Your assignment: When you find the line with "Hand holding a" among the records below, reproduce it and each line after it exactly, ending with the line with "Lot 204 - An".

Record excerpts:
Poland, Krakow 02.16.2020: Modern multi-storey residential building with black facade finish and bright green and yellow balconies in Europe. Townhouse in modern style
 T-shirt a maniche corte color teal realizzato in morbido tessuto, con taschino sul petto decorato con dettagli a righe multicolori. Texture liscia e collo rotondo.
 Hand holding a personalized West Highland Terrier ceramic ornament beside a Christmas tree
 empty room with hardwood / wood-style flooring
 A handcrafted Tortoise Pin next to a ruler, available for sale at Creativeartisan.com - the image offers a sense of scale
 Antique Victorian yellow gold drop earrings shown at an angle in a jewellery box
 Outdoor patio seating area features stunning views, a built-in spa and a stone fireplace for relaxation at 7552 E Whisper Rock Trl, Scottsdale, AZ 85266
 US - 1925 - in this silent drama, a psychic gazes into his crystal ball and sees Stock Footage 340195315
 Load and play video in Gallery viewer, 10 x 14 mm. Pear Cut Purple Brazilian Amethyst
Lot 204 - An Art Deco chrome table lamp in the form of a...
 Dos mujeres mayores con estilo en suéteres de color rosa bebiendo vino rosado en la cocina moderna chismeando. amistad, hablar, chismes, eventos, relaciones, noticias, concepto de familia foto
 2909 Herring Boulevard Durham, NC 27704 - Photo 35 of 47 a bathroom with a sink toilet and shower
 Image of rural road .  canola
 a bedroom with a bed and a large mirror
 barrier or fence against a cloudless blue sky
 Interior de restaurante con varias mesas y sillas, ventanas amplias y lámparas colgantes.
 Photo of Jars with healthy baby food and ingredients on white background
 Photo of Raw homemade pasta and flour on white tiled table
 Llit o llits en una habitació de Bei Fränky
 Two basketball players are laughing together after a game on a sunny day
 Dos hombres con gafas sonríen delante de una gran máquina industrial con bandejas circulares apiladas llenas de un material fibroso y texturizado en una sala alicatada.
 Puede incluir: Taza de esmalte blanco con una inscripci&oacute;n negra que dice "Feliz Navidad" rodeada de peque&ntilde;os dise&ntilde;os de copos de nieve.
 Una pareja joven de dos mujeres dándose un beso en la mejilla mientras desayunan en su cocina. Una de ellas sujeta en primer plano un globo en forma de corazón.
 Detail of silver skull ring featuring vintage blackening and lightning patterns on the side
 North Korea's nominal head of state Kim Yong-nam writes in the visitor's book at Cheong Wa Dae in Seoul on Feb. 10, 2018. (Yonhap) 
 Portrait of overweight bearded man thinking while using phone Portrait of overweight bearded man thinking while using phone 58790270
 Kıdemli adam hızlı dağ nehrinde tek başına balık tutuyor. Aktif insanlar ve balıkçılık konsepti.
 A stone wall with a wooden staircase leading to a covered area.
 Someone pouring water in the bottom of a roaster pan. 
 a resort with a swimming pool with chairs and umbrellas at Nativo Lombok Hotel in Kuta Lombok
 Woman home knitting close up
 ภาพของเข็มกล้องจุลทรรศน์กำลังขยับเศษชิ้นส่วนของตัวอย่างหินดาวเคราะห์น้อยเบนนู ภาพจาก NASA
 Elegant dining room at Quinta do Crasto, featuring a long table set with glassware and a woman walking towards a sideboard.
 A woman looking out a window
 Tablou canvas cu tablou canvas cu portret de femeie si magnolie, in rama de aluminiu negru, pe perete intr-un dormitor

Written solution:
 Hand holding a personalized West Highland Terrier ceramic ornament beside a Christmas tree
 empty room with hardwood / wood-style flooring
 A handcrafted Tortoise Pin next to a ruler, available for sale at Creativeartisan.com - the image offers a sense of scale
 Antique Victorian yellow gold drop earrings shown at an angle in a jewellery box
 Outdoor patio seating area features stunning views, a built-in spa and a stone fireplace for relaxation at 7552 E Whisper Rock Trl, Scottsdale, AZ 85266
 US - 1925 - in this silent drama, a psychic gazes into his crystal ball and sees Stock Footage 340195315
 Load and play video in Gallery viewer, 10 x 14 mm. Pear Cut Purple Brazilian Amethyst
Lot 204 - An Art Deco chrome table lamp in the form of a...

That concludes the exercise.